Give the data again exactly as it is written.

(Items listed in a dataset)
====
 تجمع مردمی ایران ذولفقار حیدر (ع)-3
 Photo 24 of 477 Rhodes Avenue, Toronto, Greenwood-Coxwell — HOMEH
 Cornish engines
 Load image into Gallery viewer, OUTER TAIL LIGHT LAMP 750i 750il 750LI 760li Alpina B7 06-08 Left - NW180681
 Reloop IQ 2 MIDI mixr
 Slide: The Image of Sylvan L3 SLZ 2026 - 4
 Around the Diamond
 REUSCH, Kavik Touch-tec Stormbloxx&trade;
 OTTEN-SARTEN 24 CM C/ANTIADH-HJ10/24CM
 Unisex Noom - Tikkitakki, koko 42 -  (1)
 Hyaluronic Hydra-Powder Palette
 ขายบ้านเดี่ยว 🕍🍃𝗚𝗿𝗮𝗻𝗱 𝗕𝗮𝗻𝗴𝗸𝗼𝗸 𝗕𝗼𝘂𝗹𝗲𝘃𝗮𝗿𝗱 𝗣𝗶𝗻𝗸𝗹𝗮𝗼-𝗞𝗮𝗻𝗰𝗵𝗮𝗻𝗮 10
====
▶ [EXERCISE OUTPUT]
 تجمع مردمی ایران ذولفقار حیدر (ع)-3
 Photo 24 of 477 Rhodes Avenue, Toronto, Greenwood-Coxwell — HOMEH
 Cornish engines
 Load image into Gallery viewer, OUTER TAIL LIGHT LAMP 750i 750il 750LI 760li Alpina B7 06-08 Left - NW180681
 Reloop IQ 2 MIDI mixr
 Slide: The Image of Sylvan L3 SLZ 2026 - 4
 Around the Diamond
 REUSCH, Kavik Touch-tec Stormbloxx&trade;
 OTTEN-SARTEN 24 CM C/ANTIADH-HJ10/24CM
 Unisex Noom - Tikkitakki, koko 42 -  (1)
 Hyaluronic Hydra-Powder Palette
 ขายบ้านเดี่ยว 🕍🍃𝗚𝗿𝗮𝗻𝗱 𝗕𝗮𝗻𝗴𝗸𝗼𝗸 𝗕𝗼𝘂𝗹𝗲𝘃𝗮𝗿𝗱 𝗣𝗶𝗻𝗸𝗹𝗮𝗼-𝗞𝗮𝗻𝗰𝗵𝗮𝗻𝗮 10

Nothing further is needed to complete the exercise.